Monday, February 21, 2011

The price of a criminal trade


David Cameron, like many Prime Ministers before him, is looking like the worst sort of hypocrite.  On his trip to the Middle East, he is accompanied by defence contractors, and his visit coincides with a massive arms fair in Abu Dhabi.  But in an embarrassed nod to events, he stopped by Egypt to pay the very faintest of lip-service to the pro-democracy forces that recently swept the country’s dictator from power.

This is but one small example of how state authority and legitimacy has an unsavoury relationship with the weapons industry—albeit an example highlighted by the fact that the regimes that British and other arms companies have long propped up appear to be falling like dominoes across the Middle East and North Africa.

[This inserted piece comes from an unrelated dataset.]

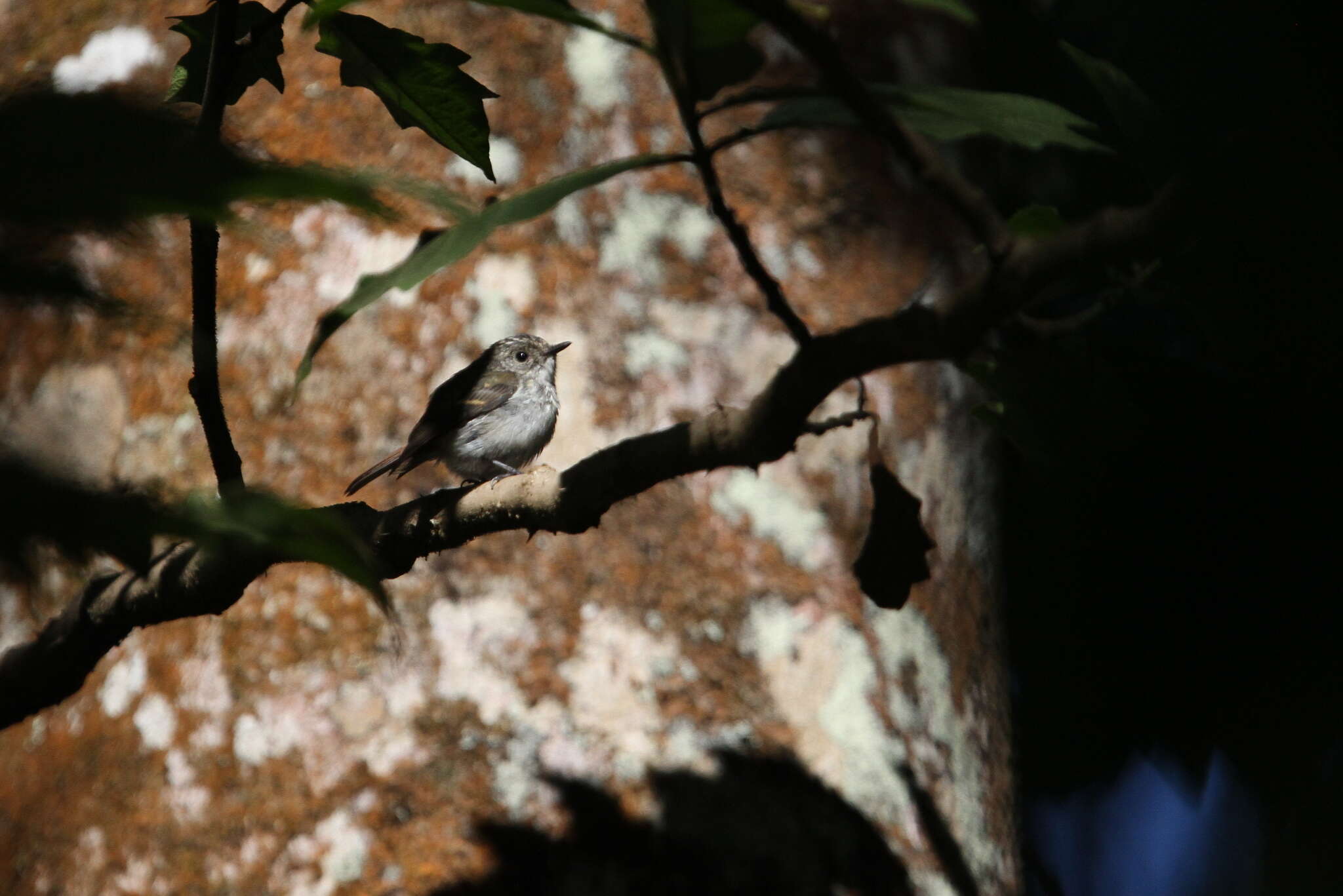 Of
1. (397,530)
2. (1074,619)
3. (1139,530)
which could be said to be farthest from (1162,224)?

There is nothing new in this relationship.  It has been suggested that Tony Blair lobbied as part of a potentially-bribe-ridden arms deal with South Africa in 1999.  Prince Andrew, who acts as the UK’s Special Representative for International Trade, was recently reported to have attacked the press’ irritating habit of investigating corrupt British businesses.  And the foundations of British state power rest on a centuries-old link between military power and arms of the economy that were purpose-built to ensure that the sovereign, and thereafter the government, would always have the capacity to wage war for the purpose of expanding trade and influence *

BAE Systems, a key player in the international arms trade, has been accused again and again of corrupt practises (and was fined £250 million in the U.S. and a paltry £30 million in Britain over corrupt deals in Saudi Arabia and Tanzania), but was let off the hook over the biggest accusation (over an arms deal in Saudi Arabia) by the Blair government.  The extraordinary move to halt a Serious Fraud Office investigation came when the British government related that it had been blackmailed by Saudi Arabia, which threatened to cut off intelligence sharing if the investigation went ahead.  Such a move, Britain regretfully informed a seething public, would have compromised national security.

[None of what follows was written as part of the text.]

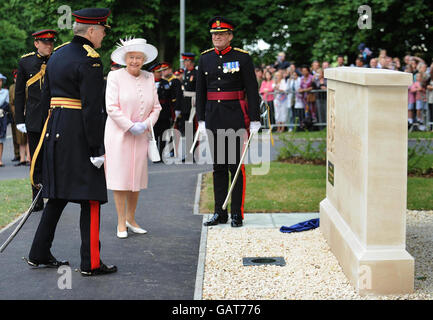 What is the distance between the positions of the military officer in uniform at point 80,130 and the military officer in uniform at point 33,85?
3.22 m

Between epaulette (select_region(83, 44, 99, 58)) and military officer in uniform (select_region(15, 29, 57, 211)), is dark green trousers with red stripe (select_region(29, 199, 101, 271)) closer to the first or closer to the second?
epaulette (select_region(83, 44, 99, 58))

It is incredible to me that we should tolerate an industry which, indiscriminately, arms governments with wildly varying degrees of commitment to democracy (think Egypt, apartheid-era South Africa, Russia, China, Tanzania) or which make a habit of undertaking military operations that kill people in their tens when not hundreds of thousands (the U.S., Israel, Saddam-era Iraq).  It beggars belief that we should seek to rationalise the existence of a trade which is based around increasing the capacity of people to kill each other around the world.

And if the existence of such a trade, which should be criminalised as speedily as possible (an unlikely proposition, on the face of its rank profitability), isn’t offensive enough, its ties to the upper echelons of governments around the world (which are charged with promoting the well-being of their people) is worse still.


*See John Brewer’s The Sinews of Power: war, money and the English state, 1688-1783 and David Edgerton’s Warfare State: Britain, 1920-1970 for two historical examples.